■ THE TASK
Each line below should be reproduced without any alteration.

■ COLLECTED DATA
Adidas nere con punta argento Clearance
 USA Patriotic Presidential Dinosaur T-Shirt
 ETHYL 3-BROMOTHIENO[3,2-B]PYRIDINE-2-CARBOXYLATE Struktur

■ WRITTEN RESPONSE
Adidas nere con punta argento Clearance
 USA Patriotic Presidential Dinosaur T-Shirt
 ETHYL 3-BROMOTHIENO[3,2-B]PYRIDINE-2-CARBOXYLATE Struktur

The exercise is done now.